第7話

 学校を出て街に出る。

 ファーストフード店には巳薙は来なかった。

 僕と佳枝葉で向かい合わせに座り、ゲームをやり始める。

 店は二階席まであり、二階は一階ほどの喧騒がない。

 沢山の傘付きのライトが下がり、壁にはポップな絵が並んでいる。

 客の五割は学生で女子率が高い。

 そこかしこでポテトがつままれており、その匂いが周囲に漂っていた。


 しばらくすると、佳枝葉が切り出した。

「幼馴染が恋に目覚めるとは、ソウジは涙目か?」

「まさか。今時は幼馴染エンドは無いのが定番だ」

 僕と巳薙を恋愛というキーワードで結び付けるとしたならば、それは相談相手ということになるだろう。

 巳薙が誰かを好きになったら男の喜びそうなプレゼントは何が良いかとかうまくいくためのコツを僕に相談する。

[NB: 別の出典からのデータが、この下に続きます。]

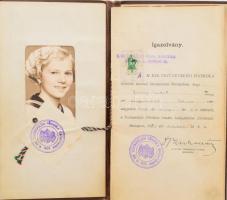 1936-1941 M. Kir. Testnevelési Főiskola fényképes leckekönyve, benne számos aláírással. Kopott, kiss...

 そして僕が誰かを好きになったら逆のことを巳薙に相談する。

 そんな共闘関係。

 握手であって抱擁ではない距離感。

「ほう、ではソウジからも幼馴染ルートへ入ることは無いと?」

 やけに入念に確認するなあ、そんなに興味があるのか。

「その分岐には銀行の巨大金庫並の厳重なロックが掛かっている」

「ミナギが知らない男に取られても構わない?」

「パーティーグッズで祝福するさ」

 すると、佳枝葉は何度か頷いて、それからテーブルをがっしと掴んで迫ってきた。

「ならば、ミナギを全力で応援しようじゃないかっ!」


 僕は迫られた分のけぞりながら目を丸くした。

 突然何を言い出すかと思えば。

「…………応援?」

「そうだ、ミナギの恋が成就するように手助けするのだ。ゲームの中でもたまにあるだろう、ギルドの依頼で誰かと誰かの恋を手助けするようなクエストが。そして成功すればギルドから報酬がもらえる」

「ここにギルドなんて無いぞ。どこから報酬が出るんだ」

「ソウジ、キミは報酬のために他人の手助けをするのかっ!」

「何で僕が悪者?! 佳枝葉がギルドって言ったんじゃん」

「キミはいつの間に悪魔に魂を売り渡したんだ! いいかいこの世界は悪魔の甘い誘惑でいっぱいだ。タチの悪いギルドが耳あたりの良い言葉で人々を引き込み、洗脳し、悪魔に付き従うだけの下僕としてしまう、言わば魔界なのだよ……!」

「それって僕の父さんが直面している世知辛さに聴こえるような……」

「キミは人の恋路を邪魔する外道に成り果てたままで良いのか? 良いわけがない! 魂を浄化するのだ。ミナギの恋を手助けし、成功に導けばきっと元に戻れる。心が洗われるのが最大の報酬だ!」

 佳枝葉はいつの間にか椅子に上り大演説を打っていて、周囲から奇異の視線を集めていた。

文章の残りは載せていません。